WASHINGTON (CN) – A bicameral group of lawmakers met for the first time Thursday to reconcile House and Senate versions of the financial reform bill. They promised to craft legislation to overhaul the nation’s financial system, end taxpayer bailouts of Wall Street and add consumer protections to the financial industry.
“This is going to be a very open process,” said House Financial Services Committee Chairman Rep. Barney Frank, D-Mass., who chaired Thursday’s conference committee. “Nothing will be put into this final bill that is not advanced, openly debated, subject to amendment by the conference process and then voted on.”
Frank and Senate Banking Committee Chairman Sen. Christopher Dodd, D-Conn., who pushed the bill through the Senate, are heading up negotiations with the White House.
The committee plans to meet over the next few weeks, aiming to get a final version of the bill to President Obama by June 24, before he leaves for the G20 summit in Toronto.
Thursday’s conference was heavily split down party lines, with Democrats touting the bill’s new consumer protections and its regulations of risky trading practices, and Republicans saying the bill institutionalizes taxpayer bailouts and treats small community banks no different than large Wall Street firms.
Sen. Blanche Lincoln, D-Ark., said the current bill contains “well over 99 percent of what we had in our Senate bill.” She added, “We are excited to begin with that product.”
She highlighted the bill’s regulation of the derivatives market, the section of the financial industry dealing with instruments whose value comes from underlying investments that was faulted for much of the financial collapse. The derivatives market ballooned by “$600 trillion dollars in notional value” over a decade, Lincoln said.
The new bill brings derivatives trading through clearing houses, increasing transparency for regulators and the public, Lincoln said. By regulating the derivatives market, Lincoln said, banks could again focus on their initial pillars of business, “taking deposits and making loans.”
“There is so much common ground here,” she said, adding that lawmakers were “weeks away from making history” with the final bill.

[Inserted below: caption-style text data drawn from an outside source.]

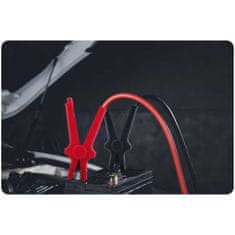 Humberg Premostitveni kabli 6m 1500A HM-362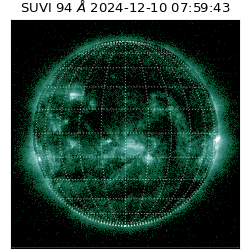 suvi - 2024-12-10T07:59:43.898000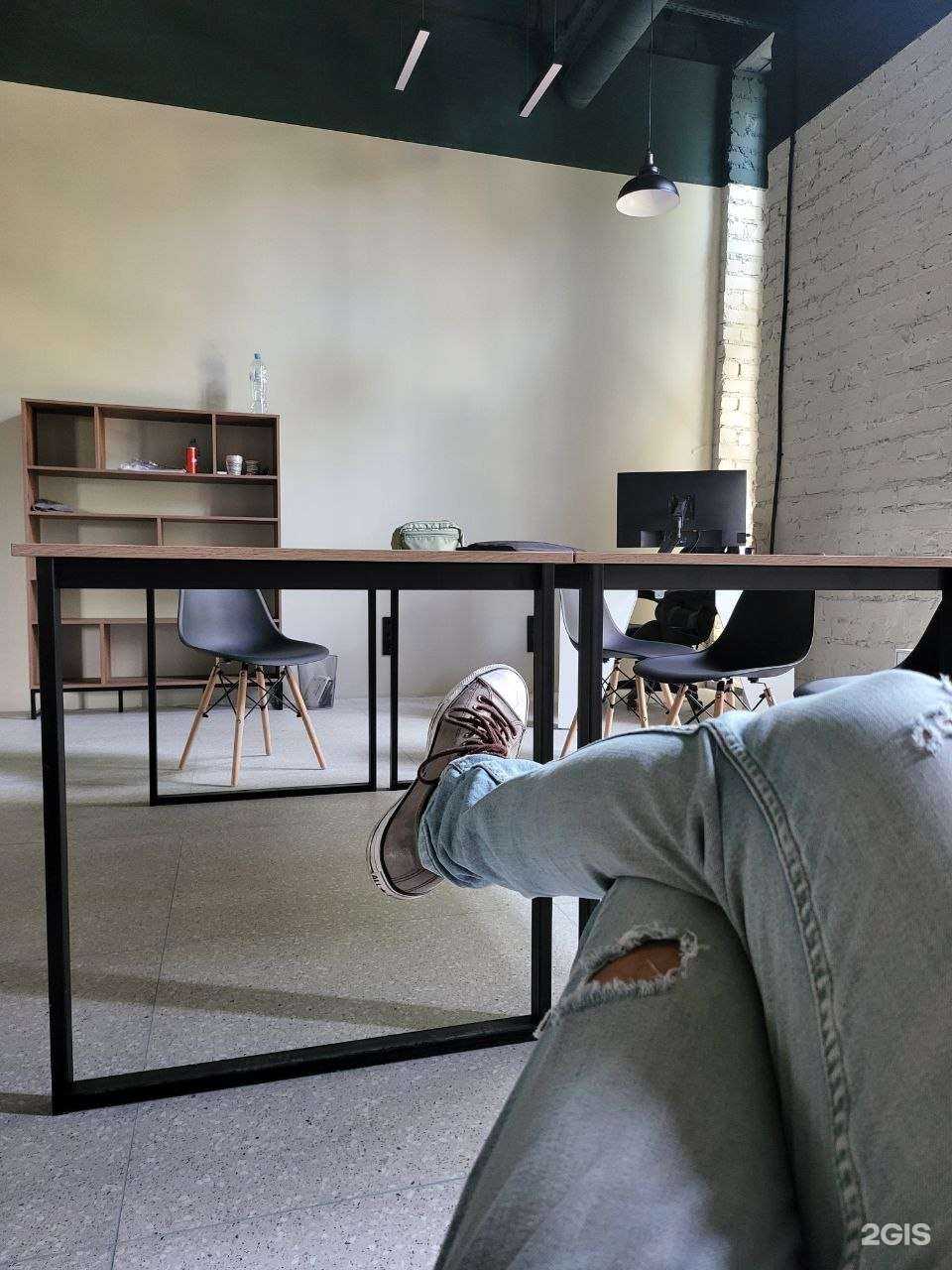 Отзывы на компанию Artinsmm в Воронеже c фото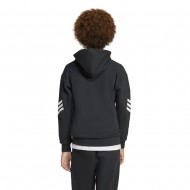 Adidas J FI 3S FZ HD (JJ4801)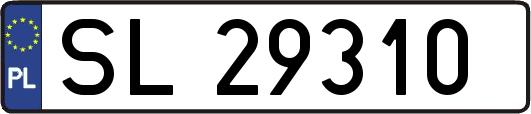 SL29310
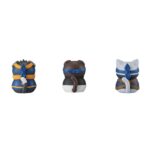 Descubre el apasionante mundo de Figuras Nyaruto Special Set.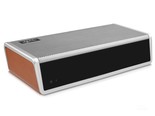 艾特铭客E200S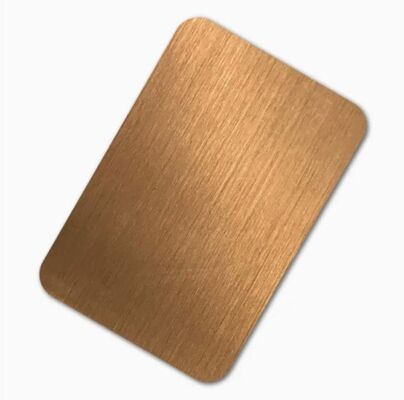 가온은 304개의 스테인레스 강판을 회전시켰습니다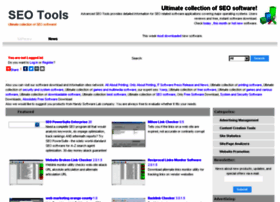 advanced-seo-tools.com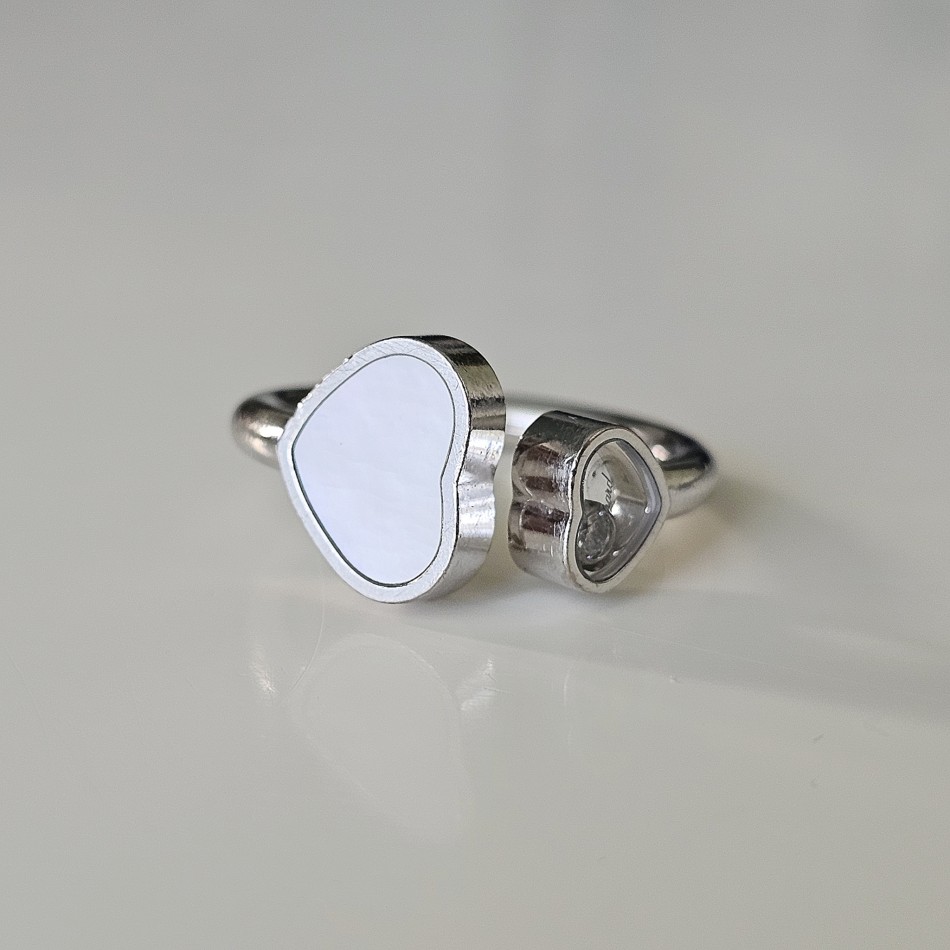https://ekszeraukcio-product.s3.eu-central-1.amazonaws.com/171d4d42-1065-49df-b50a-01eeae2f4d6c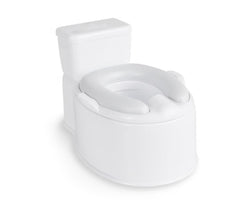Regalo My Little Toddler Potty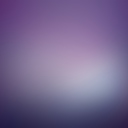 Light Purple wallpaper 128x128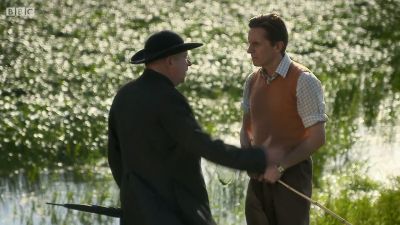 FATHER_BROWN_-_S01E01_mp4_20251003_001511_570.jpg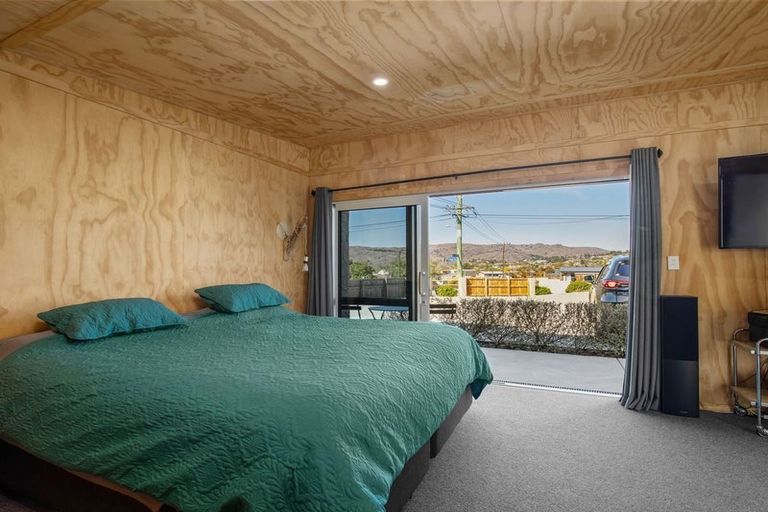 Photo of property in 51 Royal Terrace, Alexandra, 9320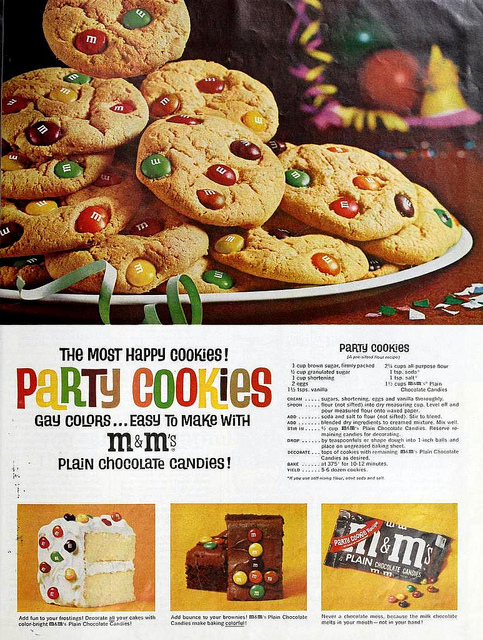 7a9f7423d565b7024bfece26a05d8a93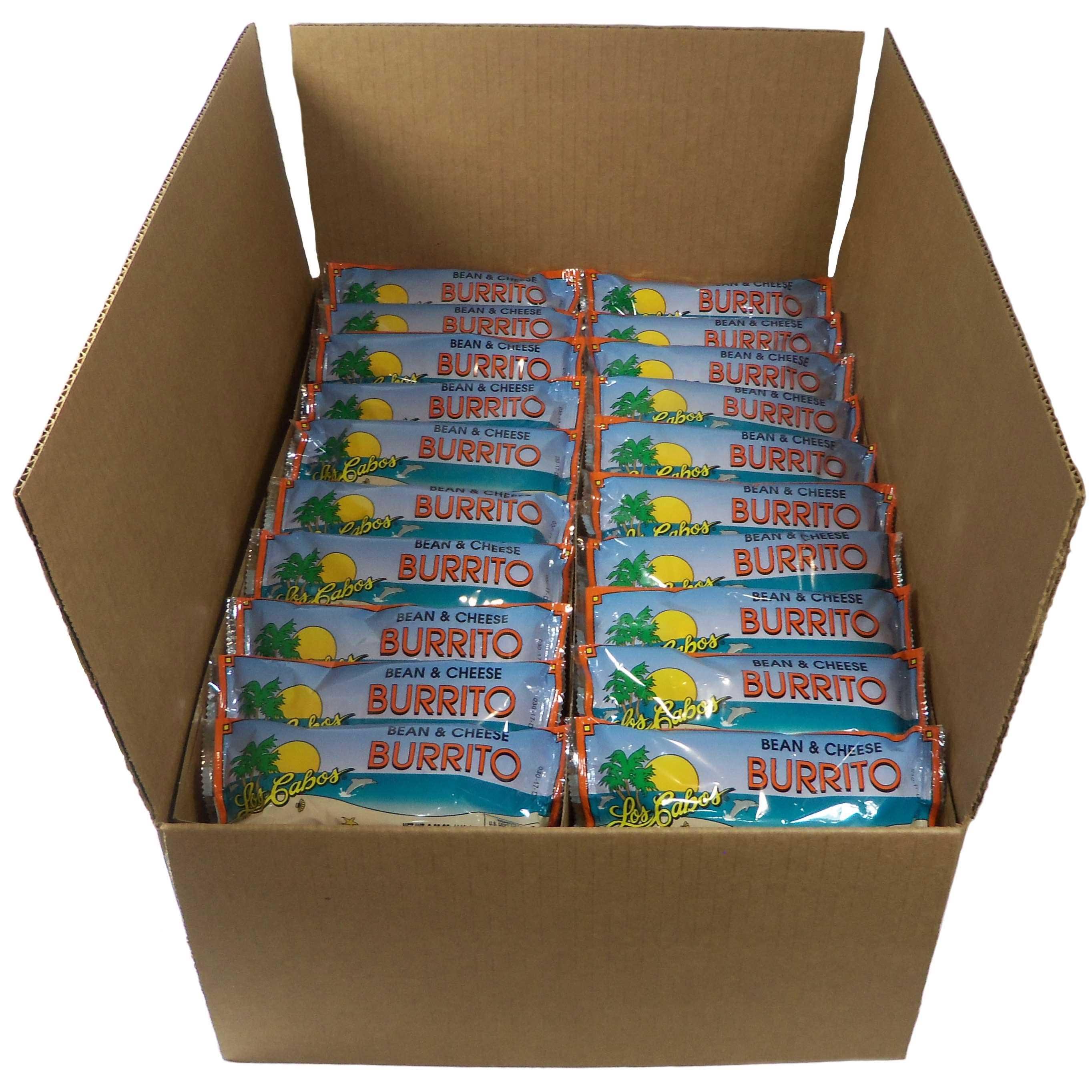 Product gallery 337145027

Sen. Richard Shelby, R-Ala., called the reform bill “incomplete and unnecessarily overreaching,” lamenting the creation of the new consumer protection bureau that he said was “more intrusive than protective” and was “a liberal activist’s dream come true.”
He also voiced objection to regulating the derivatives market, saying it would only push derivatives trading overseas, thereby “magnifying, not reducing, systemic risk.”
The House approved its version of the bill with a 223-202 vote last December, and the Senate approved its version in May by a vote of 59-39.